_Work order_
I'd like the entries repeated exactly, pictures omitted.

Images for object localization
____________

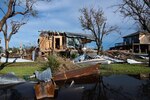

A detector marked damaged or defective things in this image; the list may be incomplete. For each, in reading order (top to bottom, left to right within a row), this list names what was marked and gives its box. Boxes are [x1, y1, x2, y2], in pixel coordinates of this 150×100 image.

damaged house [37, 30, 94, 55]
damaged house [110, 31, 150, 53]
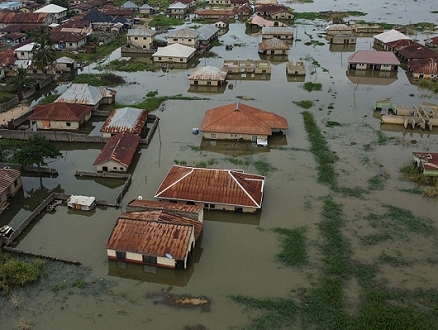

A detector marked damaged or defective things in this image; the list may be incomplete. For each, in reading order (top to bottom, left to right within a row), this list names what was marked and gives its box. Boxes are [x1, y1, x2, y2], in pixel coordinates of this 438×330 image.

house with rusty roof [152, 42, 197, 63]
house with rusty roof [167, 27, 199, 49]
rusty corrugated metal roof [188, 65, 228, 81]
house with rusty roof [188, 65, 229, 85]
house with rusty roof [258, 37, 290, 56]
house with rusty roof [350, 50, 400, 71]
house with rusty roof [408, 56, 438, 79]
house with rusty roof [55, 82, 116, 109]
rusty corrugated metal roof [28, 102, 92, 122]
house with rusty roof [28, 102, 92, 130]
rusty corrugated metal roof [99, 107, 149, 135]
house with rusty roof [99, 107, 149, 138]
house with rusty roof [198, 101, 288, 144]
rusty corrugated metal roof [200, 102, 290, 135]
rusty corrugated metal roof [93, 131, 139, 166]
house with rusty roof [93, 131, 139, 173]
house with rusty roof [412, 152, 438, 177]
rusty corrugated metal roof [0, 168, 20, 196]
house with rusty roof [0, 169, 22, 213]
rusty corrugated metal roof [155, 165, 264, 209]
house with rusty roof [156, 165, 266, 214]
house with rusty roof [125, 199, 204, 222]
rusty corrugated metal roof [105, 218, 192, 262]
house with rusty roof [107, 211, 201, 268]
rusty corrugated metal roof [119, 211, 203, 240]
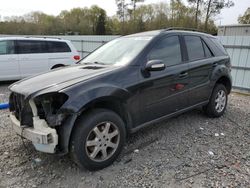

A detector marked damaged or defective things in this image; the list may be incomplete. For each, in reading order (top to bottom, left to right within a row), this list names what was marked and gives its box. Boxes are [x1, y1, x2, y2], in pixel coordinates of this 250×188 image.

damaged front end [9, 92, 69, 153]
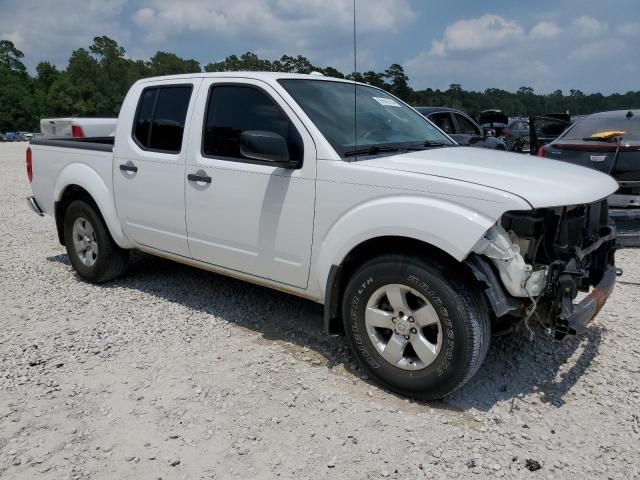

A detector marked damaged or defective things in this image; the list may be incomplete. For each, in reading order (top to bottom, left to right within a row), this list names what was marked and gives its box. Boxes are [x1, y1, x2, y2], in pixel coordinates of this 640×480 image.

damaged vehicle nearby [26, 73, 620, 400]
crumpled hood [358, 146, 616, 206]
front end damage [468, 201, 616, 340]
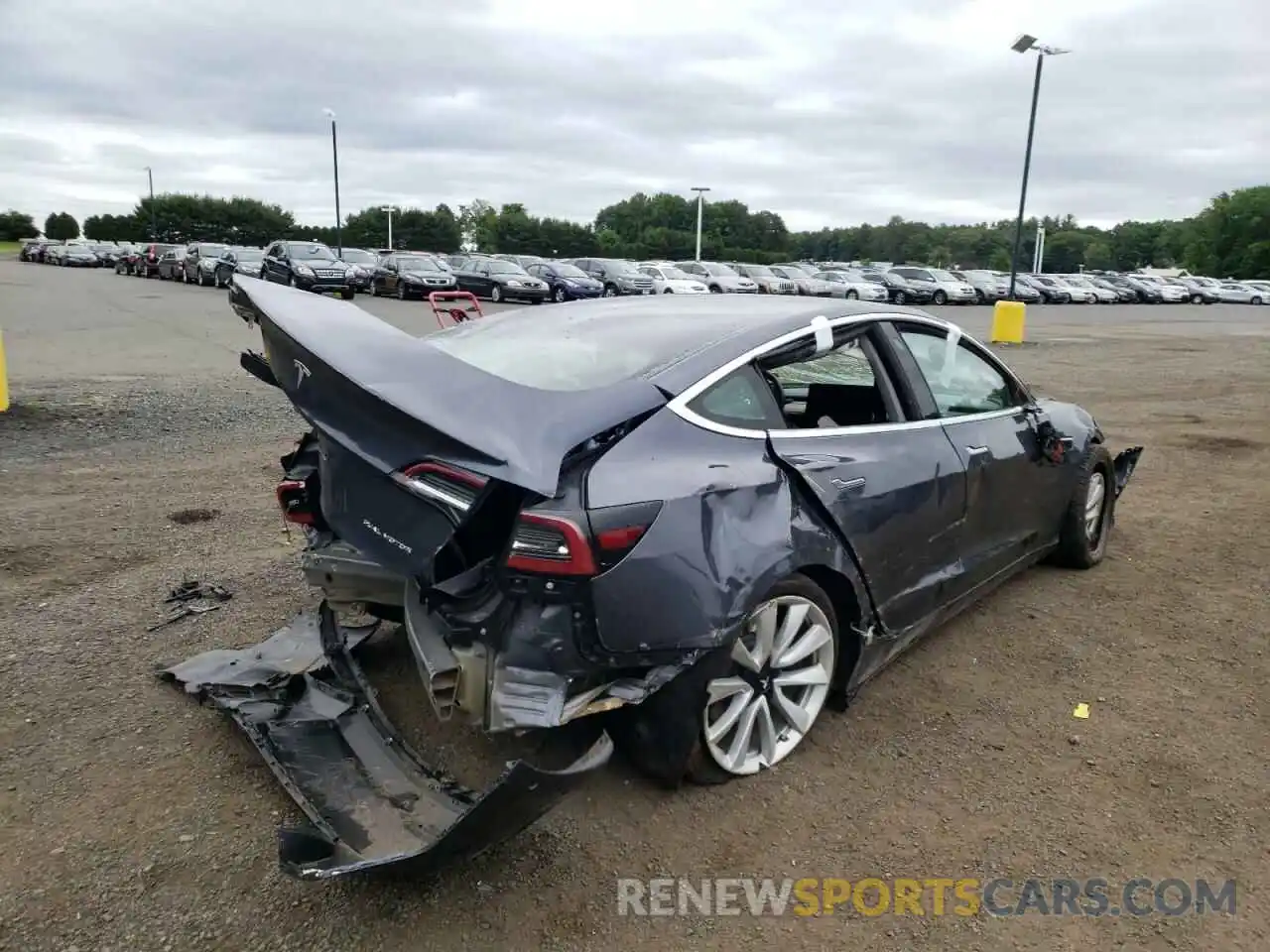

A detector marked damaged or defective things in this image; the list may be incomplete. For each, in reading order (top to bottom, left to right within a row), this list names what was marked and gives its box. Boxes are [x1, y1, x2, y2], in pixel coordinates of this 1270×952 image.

damaged gray tesla sedan [159, 279, 1143, 883]
detached rear bumper [156, 604, 611, 878]
shattered rear bumper cover [156, 606, 611, 883]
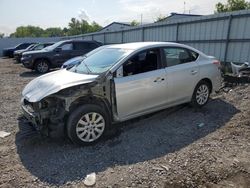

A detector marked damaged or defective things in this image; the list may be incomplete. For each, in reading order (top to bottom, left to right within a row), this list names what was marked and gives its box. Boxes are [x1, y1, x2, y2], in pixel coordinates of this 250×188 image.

crumpled hood [22, 69, 98, 102]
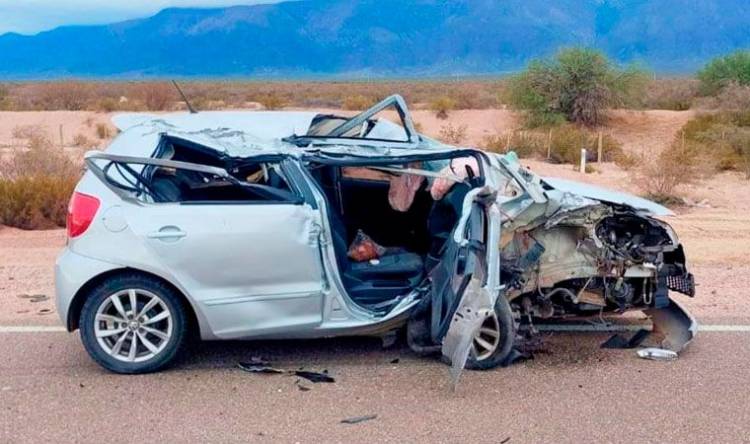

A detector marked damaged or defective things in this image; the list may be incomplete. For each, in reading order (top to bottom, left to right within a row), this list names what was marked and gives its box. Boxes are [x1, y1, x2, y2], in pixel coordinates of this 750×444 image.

detached car door [86, 153, 326, 340]
broken plastic piece [348, 231, 388, 262]
wrecked silver car [55, 94, 696, 374]
crumpled hood [544, 178, 672, 218]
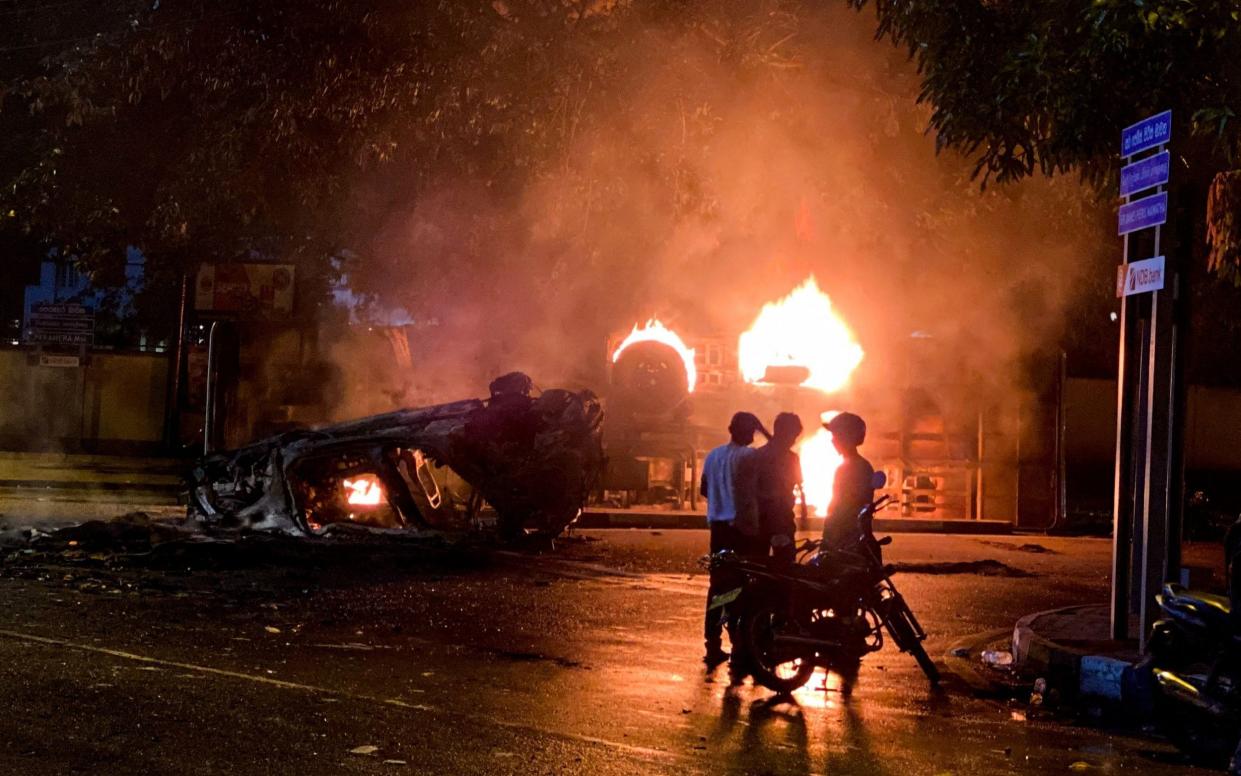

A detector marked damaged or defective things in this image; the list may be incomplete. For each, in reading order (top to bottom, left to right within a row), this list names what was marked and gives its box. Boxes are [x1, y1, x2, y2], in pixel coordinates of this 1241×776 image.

overturned burnt car [186, 374, 603, 541]
charred car wreck [187, 374, 605, 541]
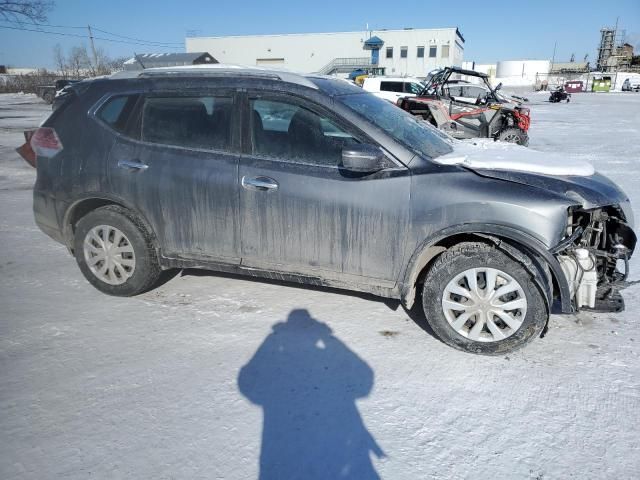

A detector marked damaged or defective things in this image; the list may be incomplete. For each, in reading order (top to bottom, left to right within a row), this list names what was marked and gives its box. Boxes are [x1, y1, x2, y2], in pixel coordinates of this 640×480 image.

damaged nissan rogue [20, 65, 636, 354]
front end damage [552, 205, 636, 312]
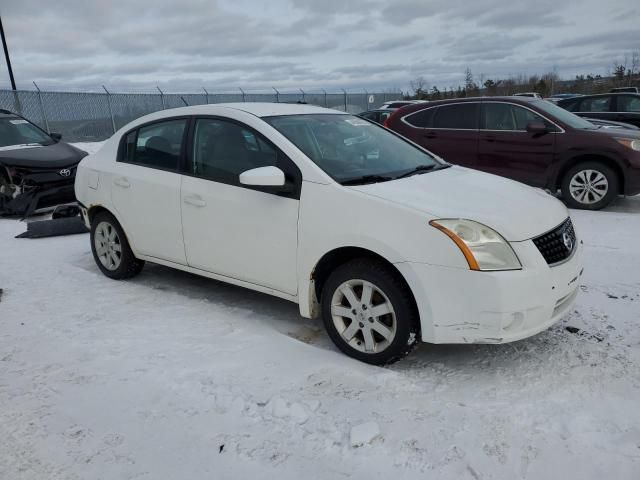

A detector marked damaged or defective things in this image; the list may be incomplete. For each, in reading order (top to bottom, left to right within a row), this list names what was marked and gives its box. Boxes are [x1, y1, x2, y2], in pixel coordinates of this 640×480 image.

damaged toyota [0, 109, 87, 217]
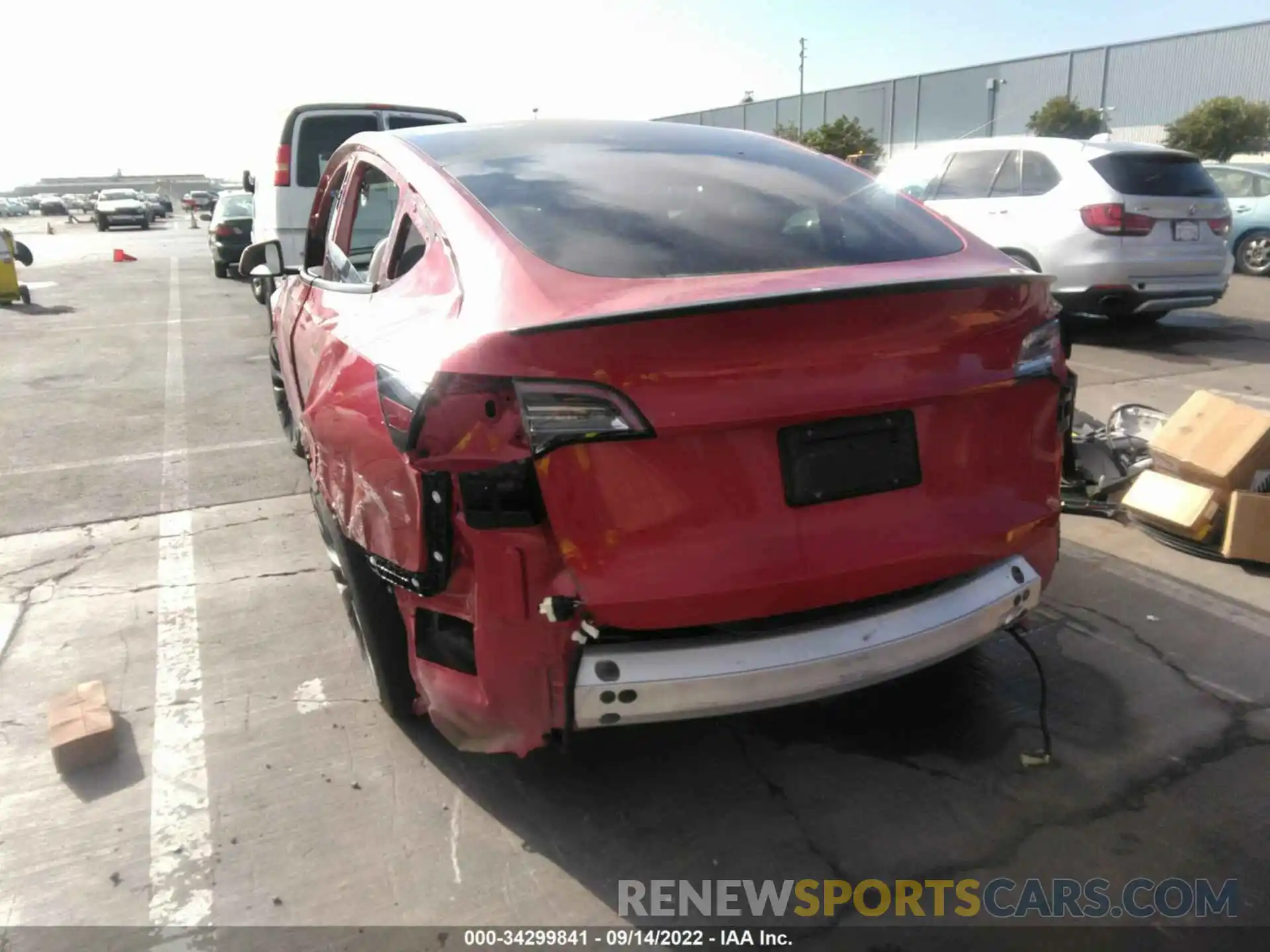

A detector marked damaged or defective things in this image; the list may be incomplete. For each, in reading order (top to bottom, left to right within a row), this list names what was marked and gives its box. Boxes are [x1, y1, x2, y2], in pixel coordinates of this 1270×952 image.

broken taillight housing [1011, 321, 1062, 381]
broken taillight housing [510, 378, 655, 457]
red damaged tesla [239, 121, 1072, 762]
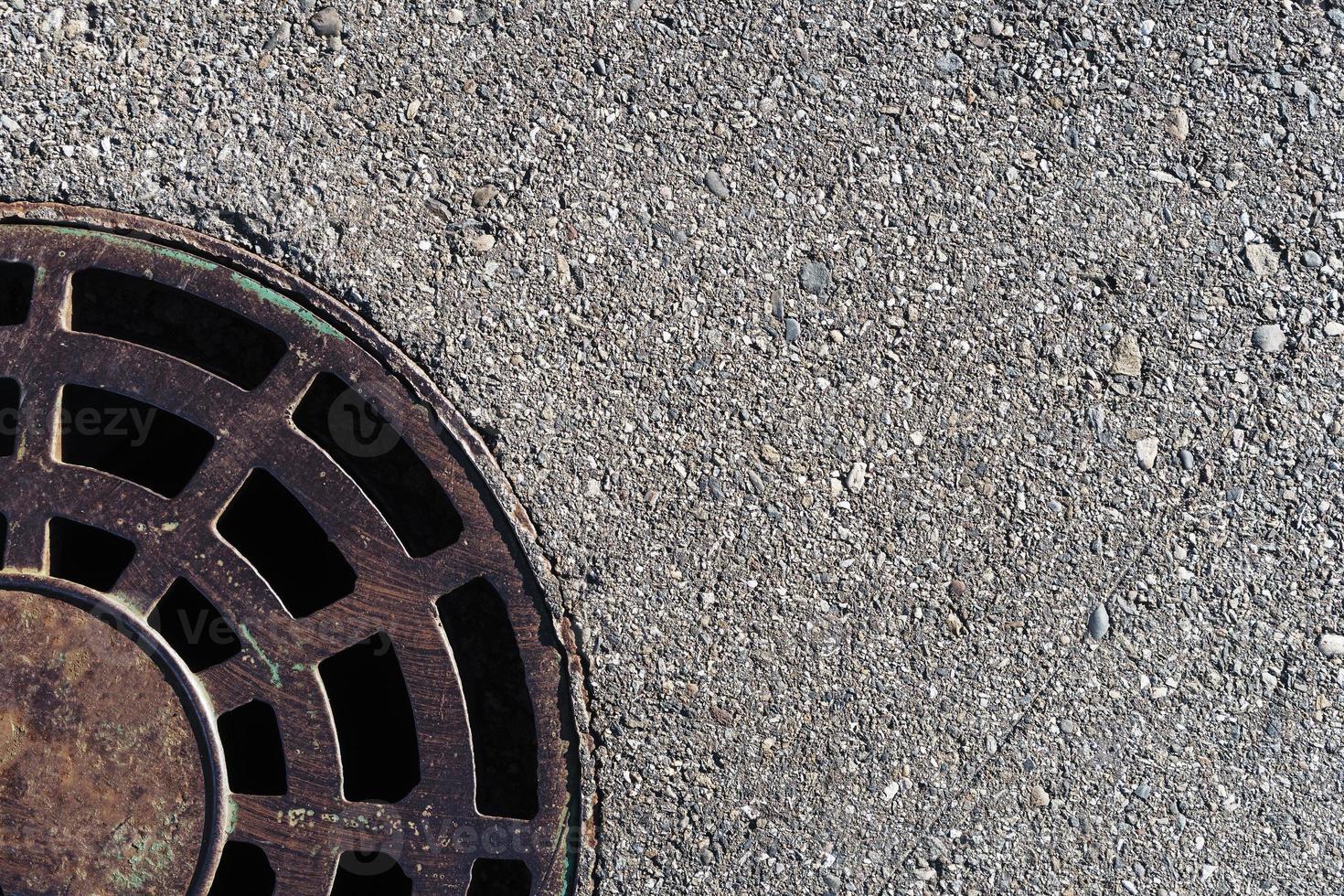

____________

_Solution_
A detector marked damaged or defective things in this image; the list may be incomplete. For each, in reading order (top to bottom, left to right within a row), this list names what was marked and gives its box. Boxes are [x1, y1, x2, y2], in pixel coordinates of this 150×100 image.

damaged house [37, 30, 94, 55]
damaged house [110, 31, 150, 53]

A detector marked damaged or defective things in this image; the list may be incomplete. For each, in reading order (top to bottom, left to right within a row), this list names what was marked and gives its box. Boxes are [x1, y1, x2, y2], in pixel coordinates of this 438×330 image.

house with rusty roof [152, 42, 197, 63]
house with rusty roof [167, 27, 199, 49]
rusty corrugated metal roof [188, 65, 228, 81]
house with rusty roof [188, 65, 229, 85]
house with rusty roof [258, 37, 290, 56]
house with rusty roof [350, 50, 400, 71]
house with rusty roof [408, 56, 438, 79]
house with rusty roof [55, 82, 116, 109]
rusty corrugated metal roof [28, 102, 92, 122]
house with rusty roof [28, 102, 92, 130]
rusty corrugated metal roof [99, 107, 149, 135]
house with rusty roof [99, 107, 149, 138]
house with rusty roof [198, 101, 288, 144]
rusty corrugated metal roof [200, 102, 290, 135]
rusty corrugated metal roof [93, 131, 139, 166]
house with rusty roof [93, 131, 139, 173]
house with rusty roof [412, 152, 438, 177]
rusty corrugated metal roof [0, 168, 20, 196]
house with rusty roof [0, 169, 22, 213]
rusty corrugated metal roof [155, 165, 264, 209]
house with rusty roof [156, 165, 266, 214]
house with rusty roof [125, 199, 204, 222]
rusty corrugated metal roof [105, 218, 192, 262]
house with rusty roof [107, 211, 201, 268]
rusty corrugated metal roof [119, 211, 203, 240]

A detector marked damaged or defective things in this image; the list may be incomplete. For each, in reading order (top to bottom, left to right within a row), this list names what was marked and gives its box. Boxes are [x1, y1, x2, y2], in pixel coordinates of this 250×188 image.

damaged front end [9, 92, 69, 153]

A detector marked damaged or defective things in this image; the list may be incomplete. For each, in reading order (top to bottom, left to right within a row), this list names what was marked and gives its box. Boxes are [x1, y1, x2, y2], in pixel coordinates of this 640×480 image.

damaged vehicle nearby [26, 73, 620, 400]
crumpled hood [358, 146, 616, 206]
front end damage [468, 201, 616, 340]

A detector marked damaged or defective things in this image; the list may be incomplete. For each, in reading order (top to bottom, left to right within a row), this list names what was marked and gives its box. Boxes are [x1, y1, x2, y2], in pixel coordinates of this 1270×952 image.

damaged gray tesla sedan [159, 279, 1143, 883]
detached rear bumper [156, 604, 611, 878]
shattered rear bumper cover [156, 606, 611, 883]

A detector marked damaged or defective things in this image; the list may be incomplete. For each, in reading order (top to bottom, left to right within a row), this list names what was marked and gives its box. Boxes are [x1, y1, x2, y2], in pixel coordinates of this 250×188 image.

crumpled hood [22, 69, 98, 102]

A detector marked damaged or defective things in this image; the list may be incomplete. For each, in reading order (top to bottom, left to right within a row), this list names what was marked and gives its box. Boxes are [x1, y1, x2, y2], in pixel coordinates of this 750×444 image.

detached car door [86, 153, 326, 340]
broken plastic piece [348, 231, 388, 262]
wrecked silver car [55, 94, 696, 374]
crumpled hood [544, 178, 672, 218]

A detector marked damaged or defective things in this image; the list may be incomplete. For each, in reading order (top to bottom, left to right within a row), this list names what was marked and gives its box. Boxes are [x1, y1, x2, y2], in pixel coordinates of this 1241×776 image.

overturned burnt car [186, 374, 603, 541]
charred car wreck [187, 374, 605, 541]

A detector marked damaged or defective things in this image; the list may be incomplete. For each, in reading order (top to bottom, left to right within a row), this list names what was marked and gives its box. Boxes are [x1, y1, x2, y2], in pixel coordinates of this 640×480 image.

damaged nissan rogue [20, 65, 636, 354]
front end damage [552, 205, 636, 312]

A detector marked damaged or defective things in this image; the list may be incomplete. For each, in reading order (top to bottom, left to right within a row), this list names what was marked and gives its box. Boxes are [x1, y1, x2, y2], in pixel coordinates of this 640×480 image.

damaged toyota [0, 109, 87, 217]

A detector marked damaged or defective things in this image; the list may be incomplete. For each, in reading order (top to bottom, left to right within a row), this list names what was marked and gives its box. Boxes are [x1, y1, x2, y2], in pixel coordinates of this 1270×952 image.

broken taillight housing [1011, 321, 1062, 381]
broken taillight housing [510, 378, 655, 457]
red damaged tesla [239, 121, 1072, 762]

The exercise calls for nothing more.